▶ **WHAT THE EXERCISE ASKS**: What you return should be the complete listing, unchanged, with no pictures in it.

▶ **SUPPLIED DATA**:
────
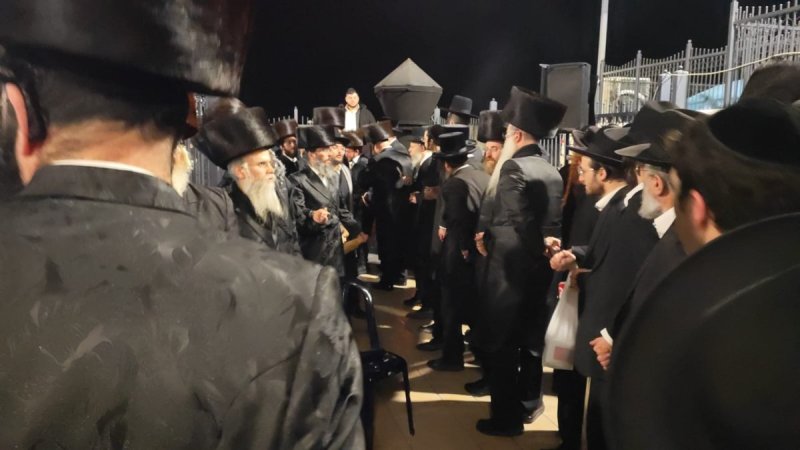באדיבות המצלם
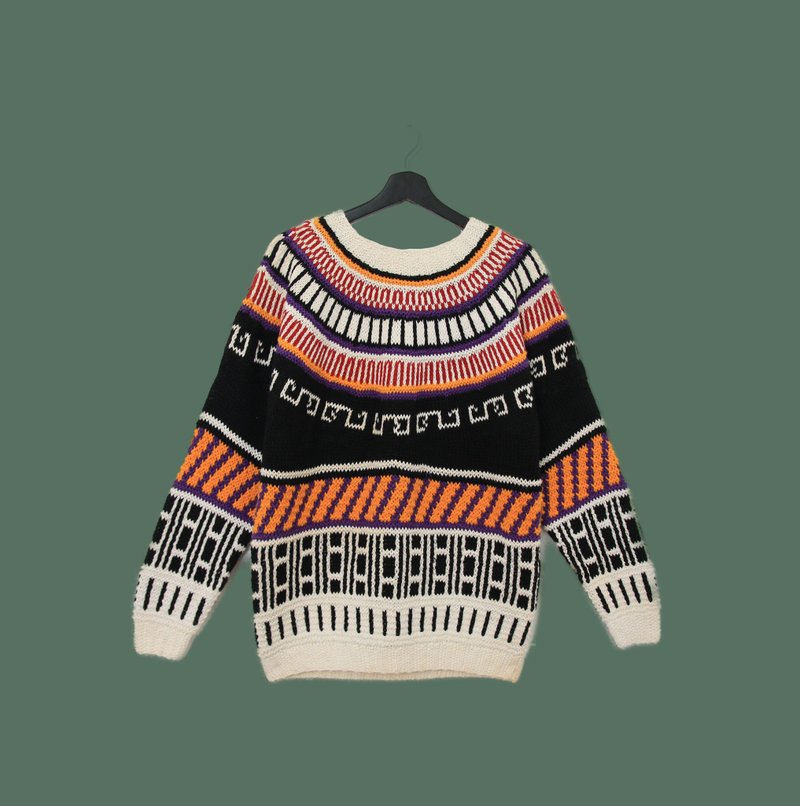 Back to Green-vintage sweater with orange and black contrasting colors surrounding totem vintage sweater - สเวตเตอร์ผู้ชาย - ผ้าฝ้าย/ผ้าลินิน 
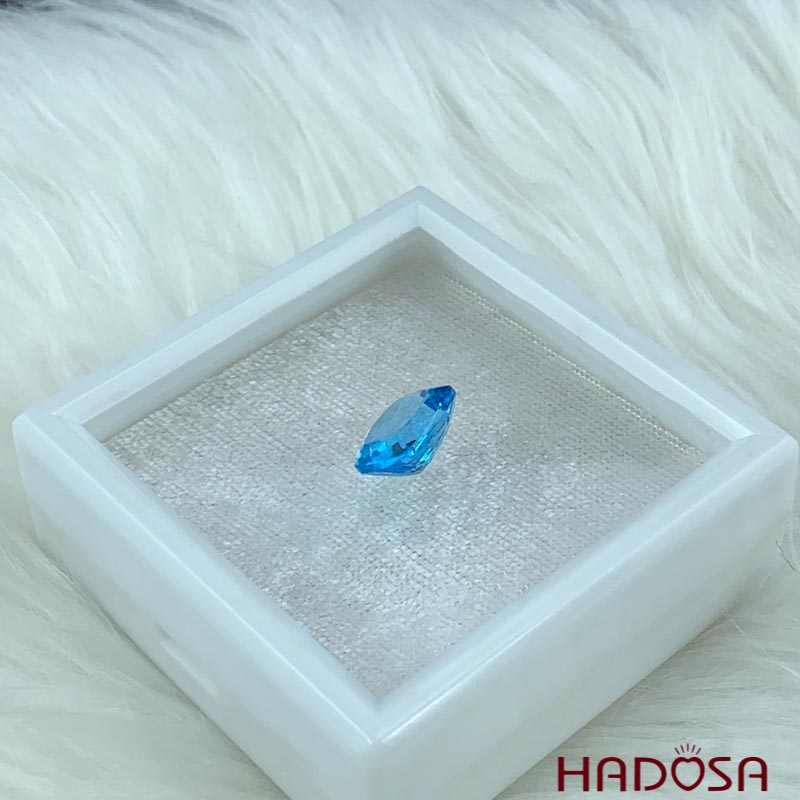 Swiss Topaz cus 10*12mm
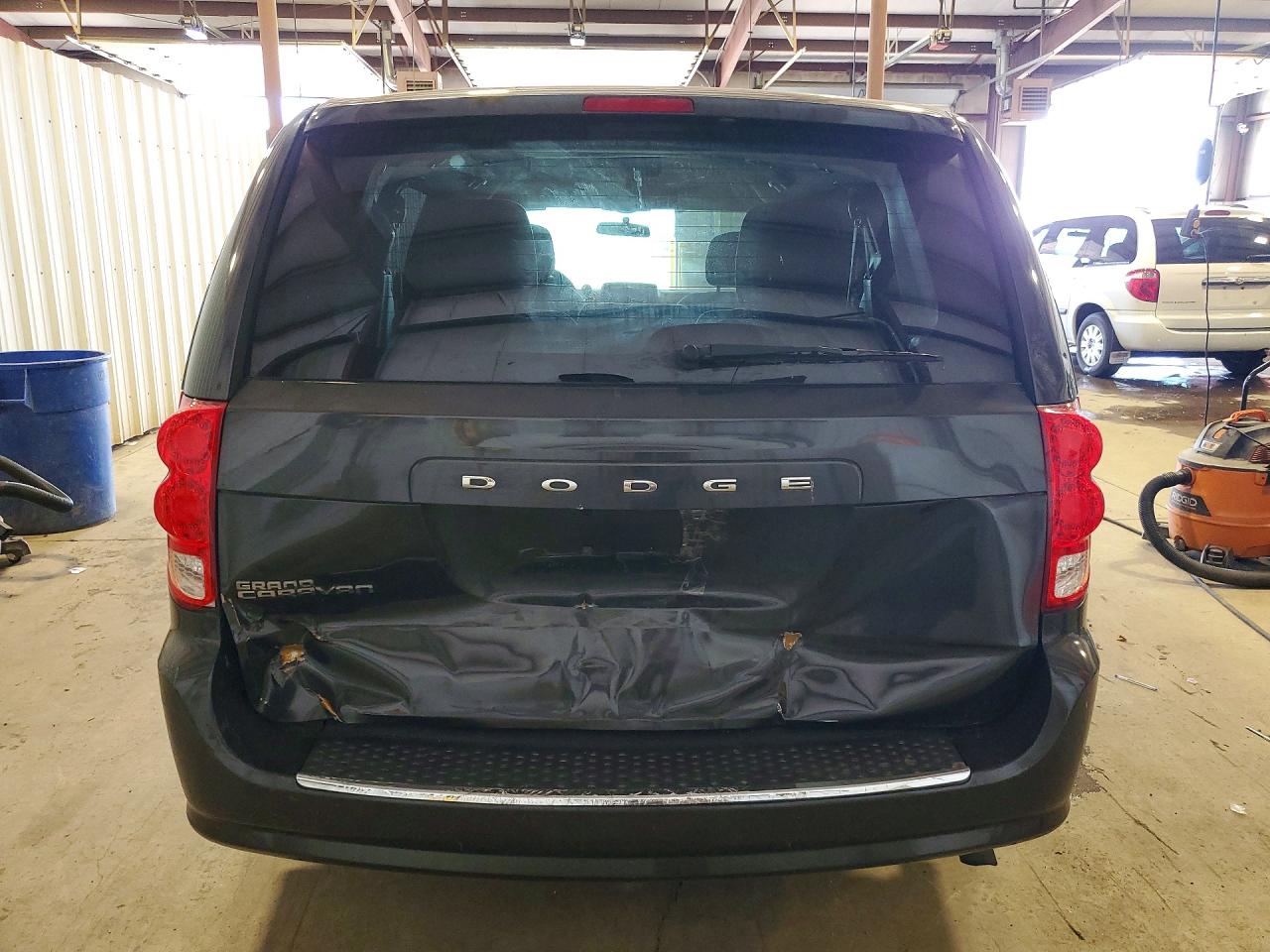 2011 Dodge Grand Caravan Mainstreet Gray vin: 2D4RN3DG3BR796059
────
▶ **ANSWER BOX**:
באדיבות המצלם
 Back to Green-vintage sweater with orange and black contrasting colors surrounding totem vintage sweater - สเวตเตอร์ผู้ชาย - ผ้าฝ้าย/ผ้าลินิน 
 Swiss Topaz cus 10*12mm
 2011 Dodge Grand Caravan Mainstreet Gray vin: 2D4RN3DG3BR796059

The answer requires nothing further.